Attempts either A or B
A. In the figure below, the card is flicked with a push.
(i) What do you observe in this case and explain your observation?
(ii) State the law involved in this case.
(iii) What will be your observation if the above coin is replaced by a heavy five-rupee coin? Justify your answer.
Answer:
(i) When the card is given a sharp horizontal flick with finger, the card underneath the coin shoot away. The coin due to its inertia of rest, tends to remain in the state of rest. Thus, the coin falls vertically into the glass.

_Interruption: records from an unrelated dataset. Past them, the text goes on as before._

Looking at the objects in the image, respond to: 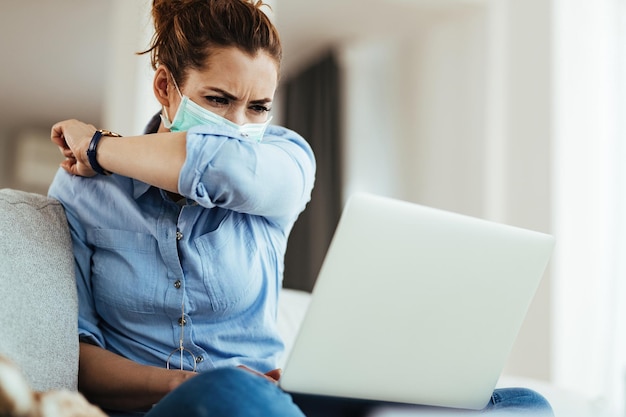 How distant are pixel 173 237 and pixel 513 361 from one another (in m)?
2.50

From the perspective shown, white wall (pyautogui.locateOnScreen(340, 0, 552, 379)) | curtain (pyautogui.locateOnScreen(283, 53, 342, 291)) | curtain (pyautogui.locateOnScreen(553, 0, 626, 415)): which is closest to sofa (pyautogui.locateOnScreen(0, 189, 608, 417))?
curtain (pyautogui.locateOnScreen(553, 0, 626, 415))

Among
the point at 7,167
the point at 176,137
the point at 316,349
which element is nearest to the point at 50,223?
the point at 176,137

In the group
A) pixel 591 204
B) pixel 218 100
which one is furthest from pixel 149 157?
pixel 591 204

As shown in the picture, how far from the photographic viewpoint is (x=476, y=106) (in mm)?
3826

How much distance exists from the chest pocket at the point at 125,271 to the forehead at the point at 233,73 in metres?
0.29

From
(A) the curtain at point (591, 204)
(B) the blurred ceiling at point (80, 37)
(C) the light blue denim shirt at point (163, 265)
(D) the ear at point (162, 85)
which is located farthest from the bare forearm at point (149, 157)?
(B) the blurred ceiling at point (80, 37)

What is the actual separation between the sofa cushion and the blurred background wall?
1.31m

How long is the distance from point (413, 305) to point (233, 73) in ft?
1.81

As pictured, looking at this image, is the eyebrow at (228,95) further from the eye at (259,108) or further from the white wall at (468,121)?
the white wall at (468,121)

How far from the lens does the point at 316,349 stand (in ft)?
3.04

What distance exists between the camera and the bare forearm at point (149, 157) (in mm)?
1131

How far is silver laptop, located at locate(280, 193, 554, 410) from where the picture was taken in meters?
0.92

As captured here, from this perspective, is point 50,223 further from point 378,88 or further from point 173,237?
point 378,88

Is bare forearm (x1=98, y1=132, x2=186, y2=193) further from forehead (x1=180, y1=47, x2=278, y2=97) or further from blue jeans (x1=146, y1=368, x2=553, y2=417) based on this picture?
blue jeans (x1=146, y1=368, x2=553, y2=417) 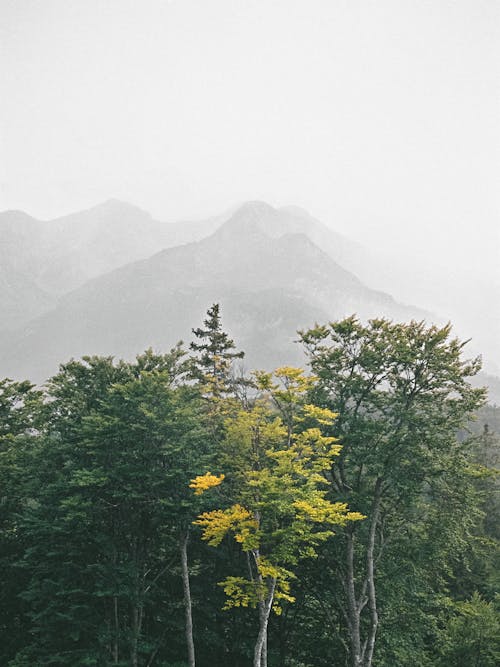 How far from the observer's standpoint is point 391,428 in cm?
1798

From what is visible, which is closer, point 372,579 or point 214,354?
point 372,579

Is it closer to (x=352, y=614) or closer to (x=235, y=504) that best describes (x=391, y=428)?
(x=235, y=504)

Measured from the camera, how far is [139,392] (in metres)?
17.6

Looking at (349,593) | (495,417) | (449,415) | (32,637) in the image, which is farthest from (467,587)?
(495,417)

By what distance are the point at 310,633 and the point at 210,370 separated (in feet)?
49.9

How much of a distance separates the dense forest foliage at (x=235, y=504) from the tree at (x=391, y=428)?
0.08 metres

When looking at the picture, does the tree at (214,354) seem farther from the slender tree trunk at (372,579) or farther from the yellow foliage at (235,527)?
the yellow foliage at (235,527)

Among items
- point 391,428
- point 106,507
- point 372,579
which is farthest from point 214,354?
point 372,579

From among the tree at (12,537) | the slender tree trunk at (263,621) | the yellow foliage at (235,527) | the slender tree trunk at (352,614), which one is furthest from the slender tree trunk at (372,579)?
the tree at (12,537)

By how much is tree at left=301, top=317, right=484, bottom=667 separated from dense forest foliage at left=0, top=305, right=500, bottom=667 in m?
0.08

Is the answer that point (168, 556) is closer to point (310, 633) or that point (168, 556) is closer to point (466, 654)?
point (310, 633)

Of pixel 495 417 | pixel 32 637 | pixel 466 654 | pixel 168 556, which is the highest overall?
pixel 495 417

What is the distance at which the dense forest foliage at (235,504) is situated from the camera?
54.3ft

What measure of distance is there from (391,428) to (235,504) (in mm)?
7211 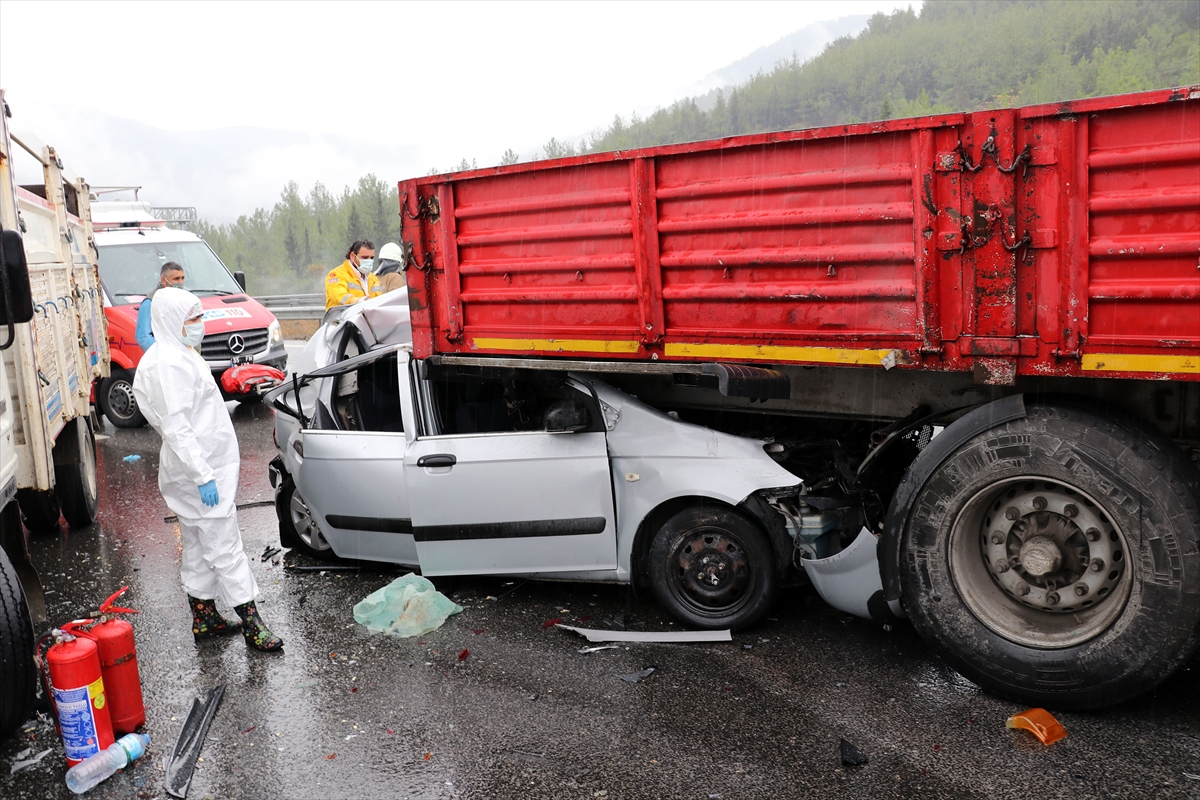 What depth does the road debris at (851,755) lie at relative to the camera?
3260mm

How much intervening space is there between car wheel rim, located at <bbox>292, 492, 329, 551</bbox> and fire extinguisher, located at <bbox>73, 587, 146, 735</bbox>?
200 cm

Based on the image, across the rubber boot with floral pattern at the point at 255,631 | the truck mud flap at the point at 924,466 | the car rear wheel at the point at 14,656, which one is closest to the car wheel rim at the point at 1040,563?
the truck mud flap at the point at 924,466

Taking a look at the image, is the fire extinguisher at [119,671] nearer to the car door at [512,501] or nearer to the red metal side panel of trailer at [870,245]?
the car door at [512,501]

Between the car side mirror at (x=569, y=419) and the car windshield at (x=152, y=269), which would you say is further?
the car windshield at (x=152, y=269)

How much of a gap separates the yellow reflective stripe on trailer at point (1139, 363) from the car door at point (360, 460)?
332 cm

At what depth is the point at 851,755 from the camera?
130 inches

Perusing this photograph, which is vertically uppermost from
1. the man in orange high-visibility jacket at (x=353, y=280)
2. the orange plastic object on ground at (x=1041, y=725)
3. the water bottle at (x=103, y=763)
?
the man in orange high-visibility jacket at (x=353, y=280)

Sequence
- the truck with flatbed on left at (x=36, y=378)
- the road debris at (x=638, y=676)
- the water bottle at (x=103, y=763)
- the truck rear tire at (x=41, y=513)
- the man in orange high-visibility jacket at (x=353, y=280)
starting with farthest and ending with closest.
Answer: the man in orange high-visibility jacket at (x=353, y=280)
the truck rear tire at (x=41, y=513)
the road debris at (x=638, y=676)
the truck with flatbed on left at (x=36, y=378)
the water bottle at (x=103, y=763)

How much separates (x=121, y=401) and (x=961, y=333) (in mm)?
10409

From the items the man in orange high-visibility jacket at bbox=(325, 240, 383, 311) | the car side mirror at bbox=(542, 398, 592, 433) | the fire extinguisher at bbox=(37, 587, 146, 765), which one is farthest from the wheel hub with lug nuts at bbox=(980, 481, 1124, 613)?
the man in orange high-visibility jacket at bbox=(325, 240, 383, 311)

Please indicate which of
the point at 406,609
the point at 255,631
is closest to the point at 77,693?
the point at 255,631

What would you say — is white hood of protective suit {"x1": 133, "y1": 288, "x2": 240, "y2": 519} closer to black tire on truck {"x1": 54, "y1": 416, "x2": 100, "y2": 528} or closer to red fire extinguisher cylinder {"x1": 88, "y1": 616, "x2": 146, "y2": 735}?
red fire extinguisher cylinder {"x1": 88, "y1": 616, "x2": 146, "y2": 735}

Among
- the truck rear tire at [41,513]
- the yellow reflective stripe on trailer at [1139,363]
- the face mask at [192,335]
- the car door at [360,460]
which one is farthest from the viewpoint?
the truck rear tire at [41,513]

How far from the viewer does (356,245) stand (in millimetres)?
9055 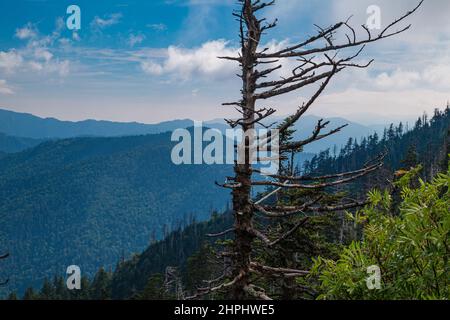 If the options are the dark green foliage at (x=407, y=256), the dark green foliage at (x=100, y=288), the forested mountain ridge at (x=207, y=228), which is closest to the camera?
the dark green foliage at (x=407, y=256)

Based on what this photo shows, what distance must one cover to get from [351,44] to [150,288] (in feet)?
172

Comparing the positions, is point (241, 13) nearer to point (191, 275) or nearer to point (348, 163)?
point (191, 275)

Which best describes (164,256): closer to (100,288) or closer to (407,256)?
(100,288)

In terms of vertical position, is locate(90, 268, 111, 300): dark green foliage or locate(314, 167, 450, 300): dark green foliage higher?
locate(314, 167, 450, 300): dark green foliage

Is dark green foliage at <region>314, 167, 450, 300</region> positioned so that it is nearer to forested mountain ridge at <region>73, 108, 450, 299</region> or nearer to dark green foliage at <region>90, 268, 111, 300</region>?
dark green foliage at <region>90, 268, 111, 300</region>

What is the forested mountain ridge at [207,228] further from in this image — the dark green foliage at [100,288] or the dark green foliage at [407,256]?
the dark green foliage at [407,256]

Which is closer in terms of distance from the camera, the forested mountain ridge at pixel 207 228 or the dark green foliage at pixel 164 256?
the dark green foliage at pixel 164 256

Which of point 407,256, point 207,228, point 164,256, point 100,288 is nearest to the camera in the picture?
point 407,256

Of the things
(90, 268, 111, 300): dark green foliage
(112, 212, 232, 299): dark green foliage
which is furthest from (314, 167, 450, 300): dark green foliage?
(112, 212, 232, 299): dark green foliage

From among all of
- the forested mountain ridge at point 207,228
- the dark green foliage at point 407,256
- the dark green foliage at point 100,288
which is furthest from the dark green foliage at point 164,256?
the dark green foliage at point 407,256

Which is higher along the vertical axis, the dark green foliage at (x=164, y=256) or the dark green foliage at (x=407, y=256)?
the dark green foliage at (x=407, y=256)

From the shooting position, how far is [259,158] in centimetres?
783

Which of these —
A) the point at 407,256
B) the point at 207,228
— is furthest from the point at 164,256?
the point at 407,256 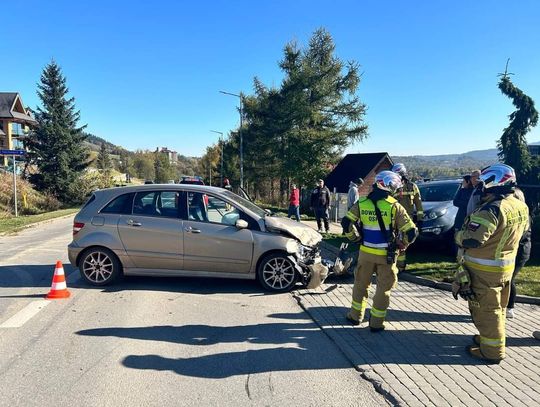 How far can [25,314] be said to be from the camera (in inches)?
228

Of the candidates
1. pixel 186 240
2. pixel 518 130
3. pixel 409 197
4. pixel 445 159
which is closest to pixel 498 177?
pixel 409 197

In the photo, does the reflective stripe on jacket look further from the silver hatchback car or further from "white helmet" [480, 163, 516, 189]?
the silver hatchback car

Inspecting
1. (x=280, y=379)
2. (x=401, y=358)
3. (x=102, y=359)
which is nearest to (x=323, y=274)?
(x=401, y=358)

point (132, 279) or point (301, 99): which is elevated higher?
point (301, 99)

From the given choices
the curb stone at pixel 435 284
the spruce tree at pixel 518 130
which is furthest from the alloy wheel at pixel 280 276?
the spruce tree at pixel 518 130

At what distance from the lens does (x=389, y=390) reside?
3736mm

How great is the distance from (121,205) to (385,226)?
447cm

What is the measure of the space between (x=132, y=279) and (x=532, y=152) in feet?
36.7

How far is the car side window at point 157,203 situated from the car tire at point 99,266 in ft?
2.74

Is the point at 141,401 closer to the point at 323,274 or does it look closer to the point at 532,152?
the point at 323,274

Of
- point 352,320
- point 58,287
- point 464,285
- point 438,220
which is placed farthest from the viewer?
point 438,220

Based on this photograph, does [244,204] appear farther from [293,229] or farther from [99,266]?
[99,266]

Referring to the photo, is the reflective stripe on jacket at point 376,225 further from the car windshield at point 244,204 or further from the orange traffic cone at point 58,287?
the orange traffic cone at point 58,287

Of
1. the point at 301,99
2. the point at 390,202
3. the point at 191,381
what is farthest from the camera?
the point at 301,99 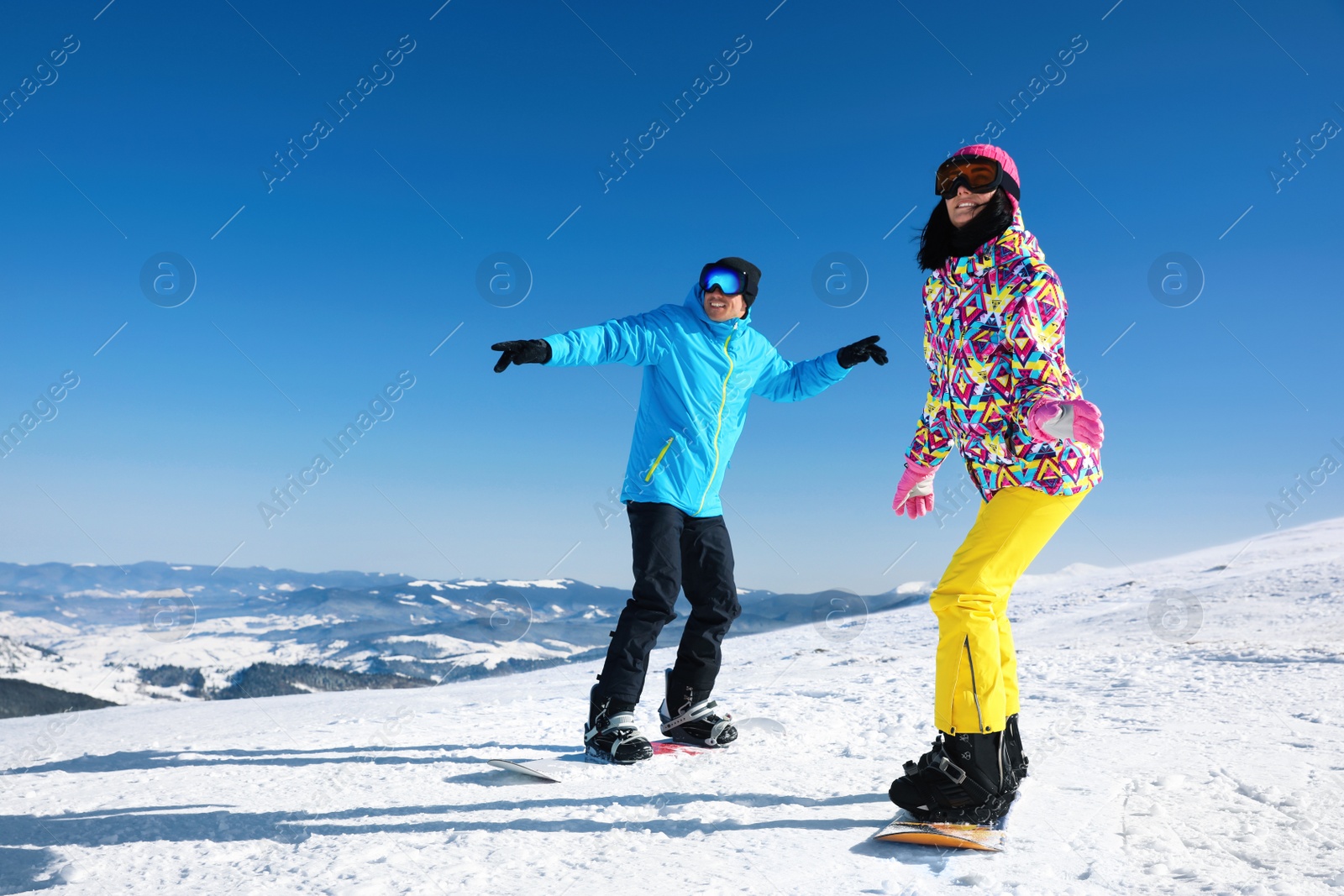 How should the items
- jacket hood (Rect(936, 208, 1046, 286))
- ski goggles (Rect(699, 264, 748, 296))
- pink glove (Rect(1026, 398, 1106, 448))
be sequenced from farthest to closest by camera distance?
ski goggles (Rect(699, 264, 748, 296))
jacket hood (Rect(936, 208, 1046, 286))
pink glove (Rect(1026, 398, 1106, 448))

(ii) The law involved is Newton’s first law of motion, which state that a body contiues in its state of rest or uniform motion in a straight line unless compelled to change that state by an external unbalanced force.
(iii) If the coin is replaced by a heavier five-rupee coin, the same result will be observed. The heavier coin possesses greater inertia of rest, so it resists any horizontal motion even more strongly. Hence, when the card is flicked away, the heavy coin remains at rest momentarily and falls vertically into the glass due to gravity.
B. A 2 kg box is placed on a smooth and frictionless surface. Initially, the box is at rest. A constant horizontal force of 10 N is applied to the box for 0.5 seconds. After this time, the force is suddenly removed, and the box continues to move on the frictionless surface.
(i) Calculate the acceleration of the box while the force is applied.
(ii) Explain how the momentum of the box changes during the force application?
(iii) If the force had acted for twice the time, how would the final velocity of the box change? Calculate the new velocity.
Answer:
Given, Mass of the box, m = 2 kg
Force applied, F = 10 N
Time of force application, t = 0.5 s
Initial velocity, u = 0 m/s
Surface is smooth and frictionless
(i) Using Newton’s second law,
a = \(\frac{F}{m}=\frac{10}{2}\) = 5 m/s2
(ii) Initially, the box is at rest, so its momentum is zero.
While the force is applied, the box accelerates, gaining velocity. As a result, its momentum increases from zero to a final value.
Using the impulse momentum theorem
Change in momentum = F × f
= 10 × 0.5
= 5 kg m/s
So, the momentum increases by 5 kg m/s in the direction of the force.
(iii) New time, t’ = 2 × 0.5 = 1 s
Acceleration, a = 5 m/s2
Using the first equation of motion v = u + at
= 0 + 5 × 1
= 5 m/s j
So, the new final velocity would be 5 m/s.
For full marks, mention using v = u + at with new time to calculate the updated final velocity.